The weight of the gun—55 ounces—is also a benefit in that it too contributes to less felt recoil, and therefore more stability, during second shot acquisition.

So it is not surprising that even with open sights, the Raging Hunter delivers an incredible level of accuracy."

It looks like a fun toy, and there's a 7-shot .357 version too.


----------



## muleskinner2 (Oct 7, 2007)

The .44 mag is my favorite caliber. If I could only have one gun, it would be a .44 mag revolver.


----------



## Bearfootfarm (Jul 13, 2006)

muleskinner2 said:


> The .44 mag is my favorite caliber. If I could only have one gun, it would be a .44 mag revolver.


I've always liked it a lot myself.


----------



## Wyobuckaroo (Dec 30, 2011)

The Taurus Raging Hunter .44 Magnum revolver is a super accurate revolver that takes handgun hunting to the next level. 
Most respectfully.... 
This sounds like copy by some writer that was sold to an outdoor, hunting, gun magazine.. 

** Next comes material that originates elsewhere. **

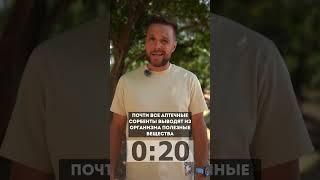 Что такое сорбент за 30 секунд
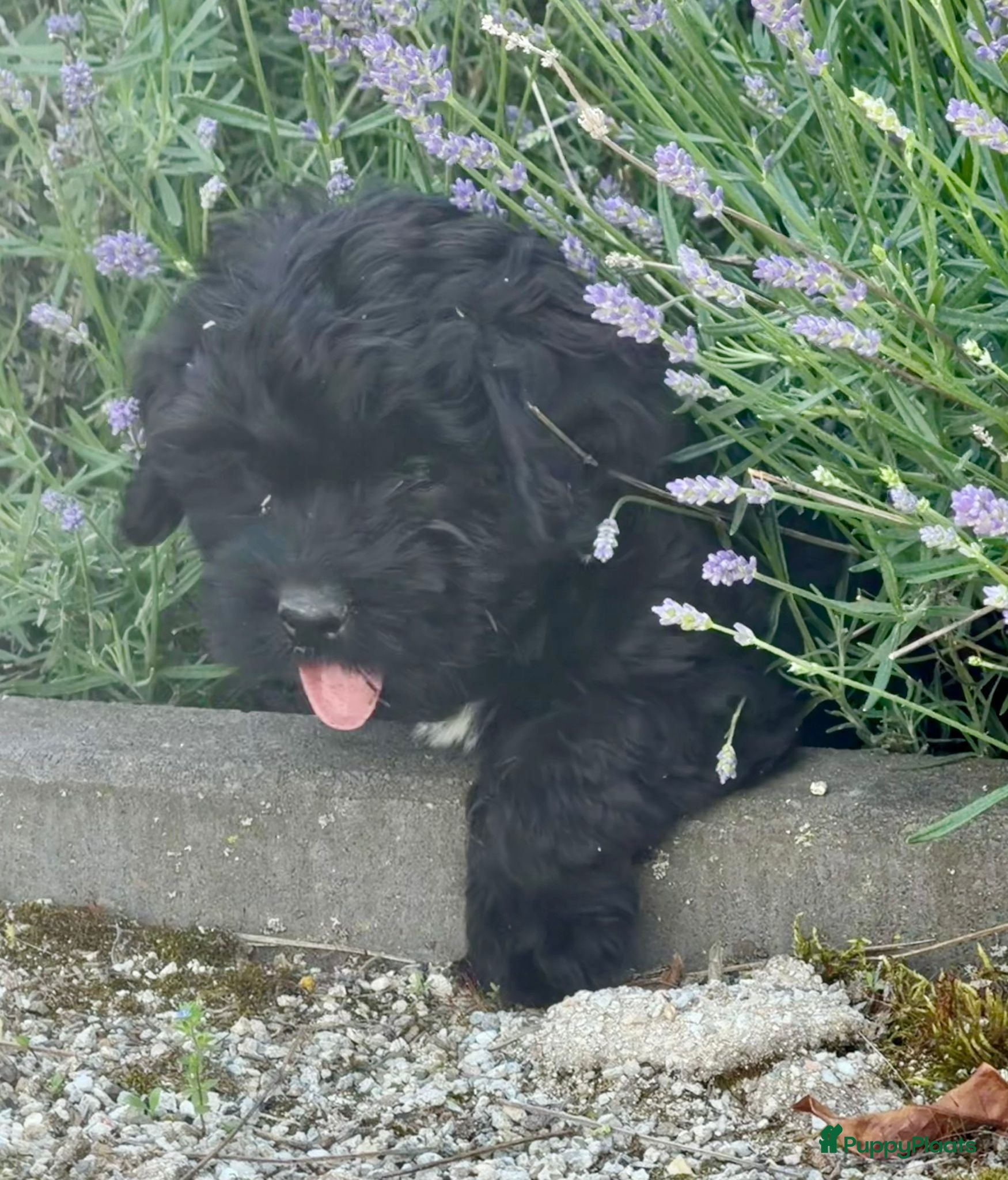 Cockapoo honden te koop: Cockapoo x boomer pups  - Advertentie 24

The experience I have seen people have with Taurus products has been they are the Hyundai of the gun world.. They look nice new, they run nice for a while, but when they act up they are hard or impossible to fix and your luck has abruptly ended... 

I never cared for the 44 mag as it was too brutal to shoot often. And I like to shoot often.. Due to the kinds and sizes of critters that exist here, compared to many other places, I would only carry a hand gun in this bush if a rifle or slug gun was available.. 

Every ones experience will be different.. This is my 5 cents of opinion from the far north..


----------



## catalekid (Jan 23, 2011)

I carry a Smith and Wesson 6" model 29 everyday in a chest holster .... any time I go outside my cabin and will be on my land. The first two cartridges up are shotshells because we have a lot of copperheads and are beginning to see more rattlesnakes every year.


----------



## GTX63 (Dec 13, 2016)

Wyobuckaroo said:


> Most respectfully....
> This sounds like copy by some writer that was sold to an outdoor, hunting, gun magazine..
> 
> The experience I have seen people have with Taurus products has been they are the Hyundai of the gun world.. They look nice new, they run nice for a while, but when they act up they are hard or impossible to fix and your luck has abruptly ended...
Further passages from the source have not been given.